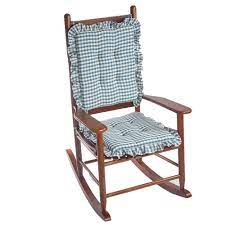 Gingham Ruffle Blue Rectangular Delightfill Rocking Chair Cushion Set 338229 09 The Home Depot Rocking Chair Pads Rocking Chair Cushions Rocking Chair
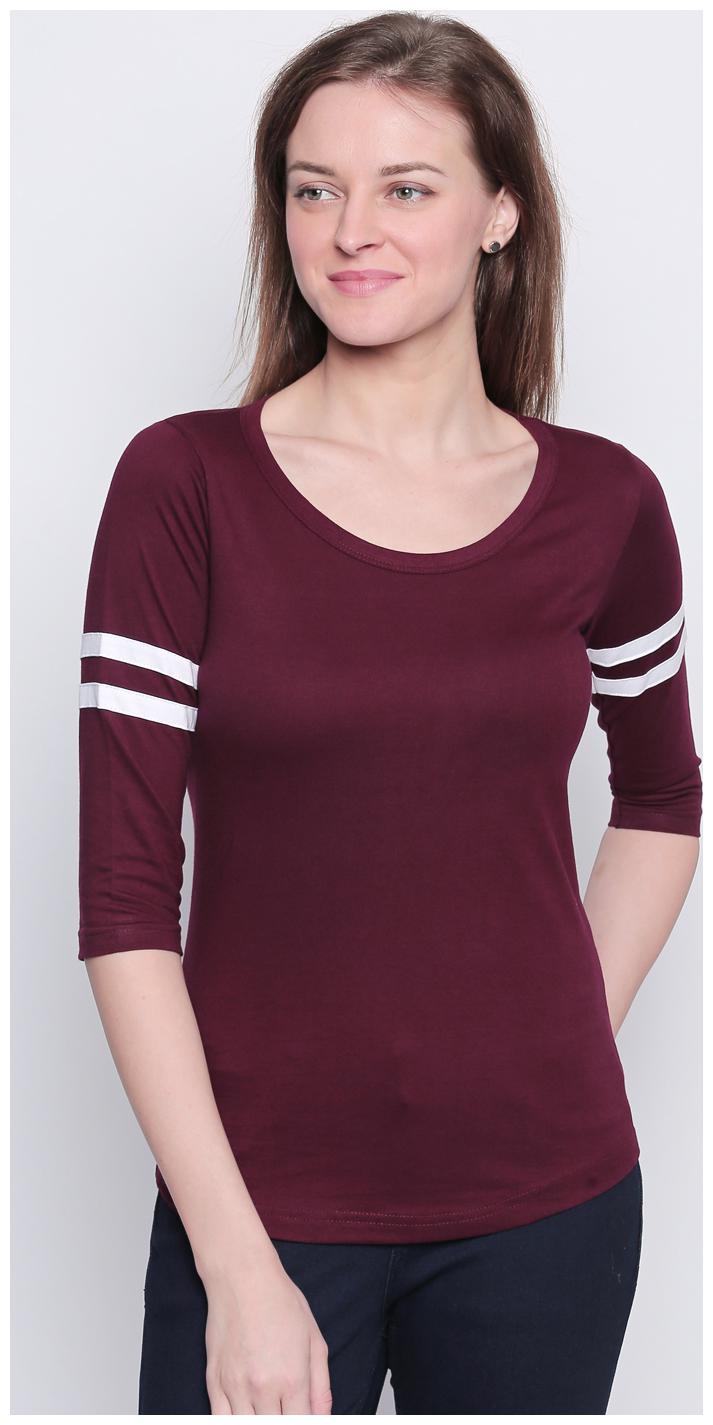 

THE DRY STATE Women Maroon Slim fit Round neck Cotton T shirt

---

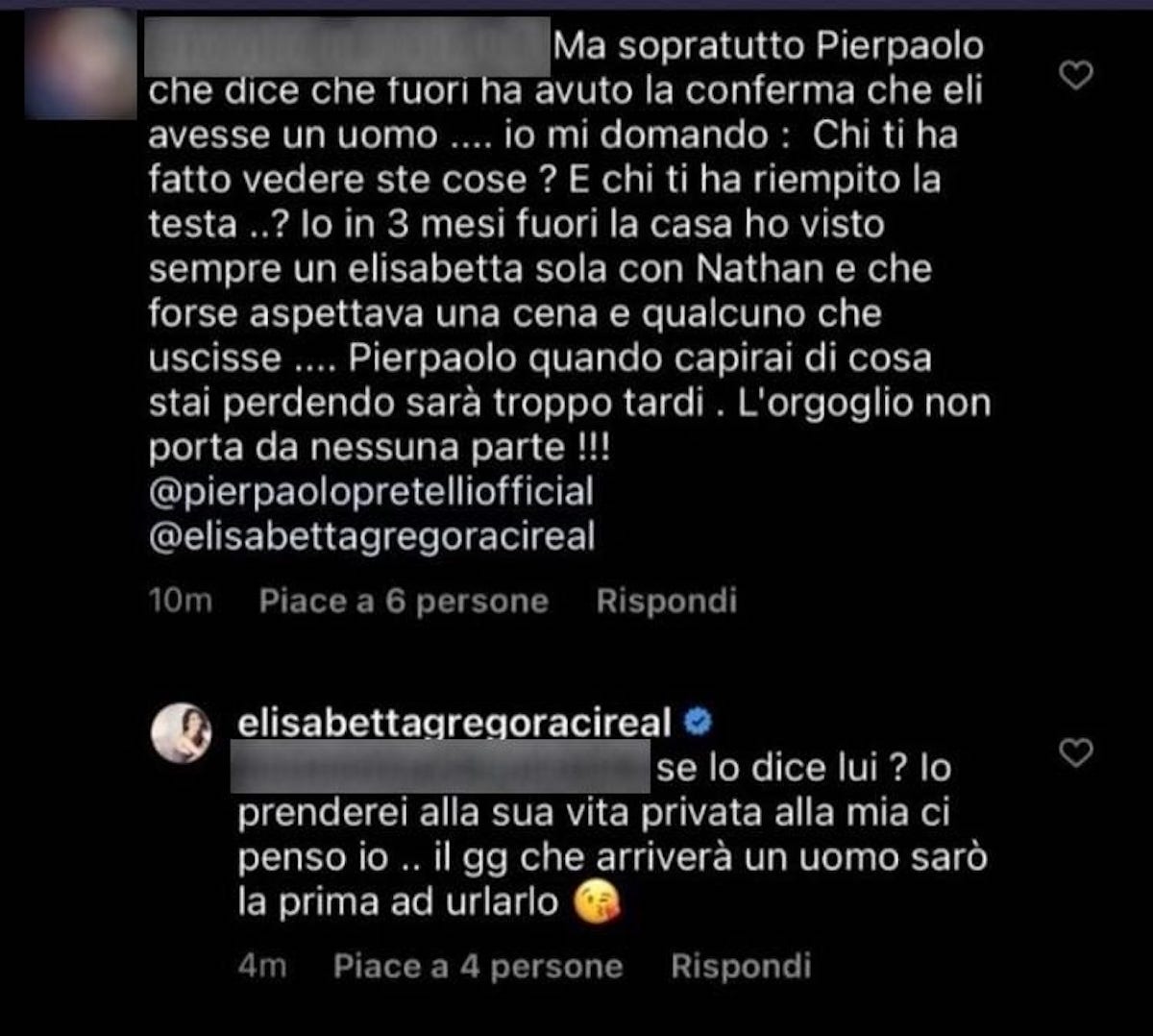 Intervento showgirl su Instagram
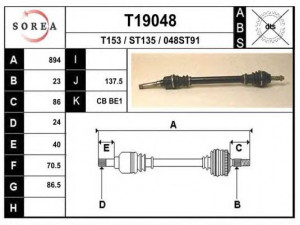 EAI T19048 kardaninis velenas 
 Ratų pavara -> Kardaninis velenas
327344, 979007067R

THE PROBLEM:
Copy word for word the lines above, starting at the line containing "Gingham Ruffle Blue" and ending at the line containing "THE DRY STATE", inclusive, with no pictures.

ANSWER BOX:
 Gingham Ruffle Blue Rectangular Delightfill Rocking Chair Cushion Set 338229 09 The Home Depot Rocking Chair Pads Rocking Chair Cushions Rocking Chair

THE DRY STATE Women Maroon Slim fit Round neck Cotton T shirt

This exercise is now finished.